BBC Sport broadcast a highlights programme called the Super League Show, usually presented by Harry Gration. The BBC have elected to broadcast this only to the North West, Yorkshire & North Midlands, North East & Cumbria, and East Yorkshire & Lincolnshire regions on a Sunday. A national repeat is broadcast overnight during the week, the BBC Director of Sport, Richard Moseley, commented that this move was in response to the growing popularity and awareness of the sport, and the large number of requests from people who want to watch it elsewhere in the UK. End of season play-offs are shown across the whole country in a highlights package.
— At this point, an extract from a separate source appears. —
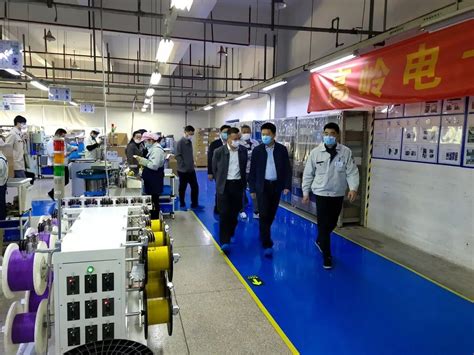 一图看懂《吴中区机器人与智能制造产业提升发展三年行动计划（2021-2023年） - 苏州市吴中区人民政府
Super League Show is available for streaming or downloaded using the BBC iPlayer in the UK.

Orange Sport TV in France shows every Catalans Dragons home match live and also some other matches which are broadcast in the UK live on Sky.

Internationally Super League is shown live on Showtime Sports (Middle East), Sky Sport (New Zealand), NTV+ (Russia), SportKlub (Eastern Europe) and Setanta Sports (USA and Canada) show Super League matches live or delayed each week.

2009 was the first of a three-year deal in which the Nine Network in Australia will show up to 70 live games from Super League over the season.

===Radio===
Super League XIV is covered extensively by BBC Local Radio:
- BBC Radio Manchester cover Wigan, Salford and Warrington.
- BBC Radio Humberside cover Hull KR and Hull FC.
- BBC Radio Leeds cover Bradford, Leeds, Castleford, Wakefield and Huddersfield.
- BBC Radio Merseyside (AM/DAB only) cover St Helens and Warrington.

The competition is also covered on commercial radio coverage:

- BCB 106.6 (Bradford Community Broadcasting) cover Bradford Bulls home and away.
- Radio Aire cover Leeds Rhinos.
- KCFM Hull cover Hull KR and Hull.
- Radio Marseillette covers every Catalans Dragons Home Match (in French).
- Radio France Bleu Roussillon covers every Catalans Dragons Away Match (in French).
- Yorkshire Radio cover all Yorkshire clubs and have one commentary per round which is not covered by either BBC or SKY.

All Super League commentaries on any station are available via the particular stations on-line streaming.

===Internet===
ESPN360 has worldwide broadband rights.

Starting from Thursday 9 April 2009, all of the matches shown on Sky Sports will also be available live online via Livestation everywhere in the world excluding the US, Puerto Rico, UK, Ireland, France, Monaco, Australia and New Zealand. List of Super League games available on Livestation.com

In the United Kingdom, BBC London 94.9, BBC Radio Wales and Radio Warrington cover Harlequins, Celtic Crusaders (home games) and Warrington (home games) respectively.